Other than the main features, the SmartEar offers all the bells and whistles we expect: noise reduction, feedback cancellation, and three different listening modes. You set up the Olive SmartEar with your smartphone with the self-test. After your hearing aids are set up, you can still adjust volume and sound settings through the app.
To combat the sticker shock some readers might experience, Olive offers two ways to take it easy: a trial period and monthly payments. The trial period costs $29 for two weeks. After that time you decide to either send them back or keep them and pay the rest. Monthly payments allow you to split the bill into indefinite $89 payment. Especially the trial period seems a bit short – it usually takes around four weeks to get used to new hearing aids.
What’s not to like about the Olive SmartEar?
The price. It technically shouldn’t even be allowed on this website, since it’s just over $1,000. And although the Olive SmartEar is better than every competitor in this league, you might wonder if the better battery life and better all round quality is worth the price difference (of up to $700).
According to feedback from other users, the music quality isn’t top notch. If I’m honest, I doubt that’s a primary concern for most buyers. If you need the hearing aid part of the earbud, there probably is some loss of quality when you’re listening to music either way.
Alternatives for the Olive SmartEar hearing aids
The Olive Union, the previous hearing aid from this company, was a revolutionary device. It was the first non-prescription hearing aid that let you stream music and other audio to your hearing aids. This function is no longer revolutionary, but commonplace in prescription hearing aids.
Other OTC hearing aids are quick to follow. Right now, the BT Omni and BT-Pods are two other devices that offer the same functionality. And these hearing aids deliver the same key features as the Olive SmartEar for a lot less – $329 and $229 respectively. This price doesn’t give you the quality of the Olive SmartEar, but it means that there are budget options available.
A more middle of the road option is the Lucid Hearing Engage, which costs around $800 for the rechargeable model or $600 for conventional batteries. For a much better hearing aid that costs a little less (but doesn’t offer streaming), the Lexie B2 Bose is the best choice.
Should you buy the Olive SmartEar hearing aids?
It depends. If you’re looking for the best device that allows you to listen to the audio from your smartphone through your hearing aids, then yes. Just know what you’re getting. If you’re looking for the single best hearing aid, you should consider other devices. The Lexie by Bose and MDHearing VOLT MAX miss the audio streaming feature, but offer better allround hearing aids.
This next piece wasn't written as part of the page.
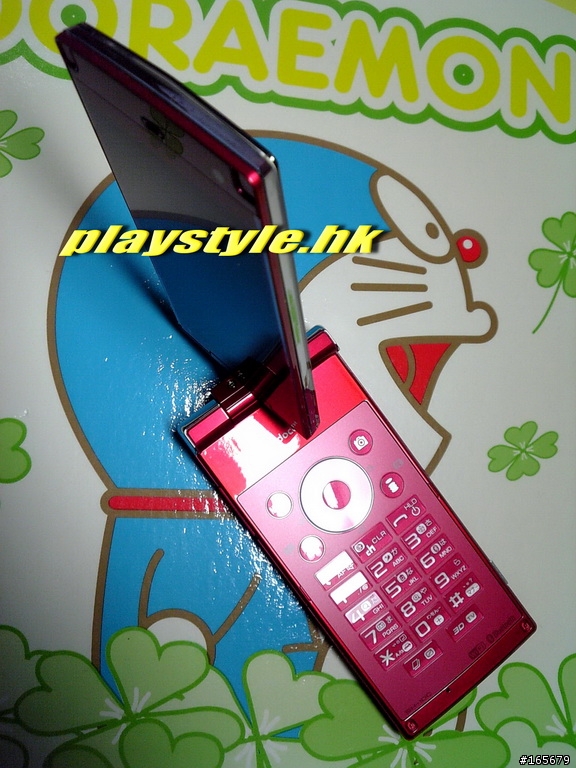 最新軟解扭脖子日機(docomo SH-10C) 裸眼3D+1610萬CCD+機面邊框來電閃燈=亮麗登場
If you’re looking to stream music, there are better earbuds out there, too.
However, if you want the best quality that combines both, the Olive SmartEar is your best bet.
At the time of writing, the Olive SmartEar Plus costs just over $1000. However, the company offers a payment plan for $89 a month for 12 months (total price $1068).
On Amazon, there is a SmartEar that seems related, and very well could be (Olive has Korean roots). It’s hard to tell the precise difference, but the SmartEat does give you only one device.